20+ High-Protein, Low-Carb Dinners That Satisfy

Finding satisfying and delicious dinner options that are both high in protein and low in carbs can be a challenge, but it doesn’t have to be.

These high-protein, low-carb recipes are designed to keep you full, nourish your muscles, and support your health goals. By using nutrient-dense ingredients like lean meats, fish, and fresh vegetables, these meals provide the perfect balance of protein and healthy fats while keeping carbs to a minimum.

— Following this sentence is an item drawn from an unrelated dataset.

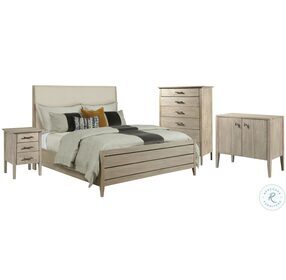 Symmetry Sand Incline Upholstered Panel Bedroom Set With High Footboard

Whether you’re following a low-carb diet or simply looking for healthier alternatives, these meals will help you maintain energy levels and stay on track with your fitness goals.

From savory chicken and shrimp dishes to flavorful vegetarian options, these 20+ recipes are perfect for any occasion. Here are the first five meals to get you started on your low-carb, high-protein journey.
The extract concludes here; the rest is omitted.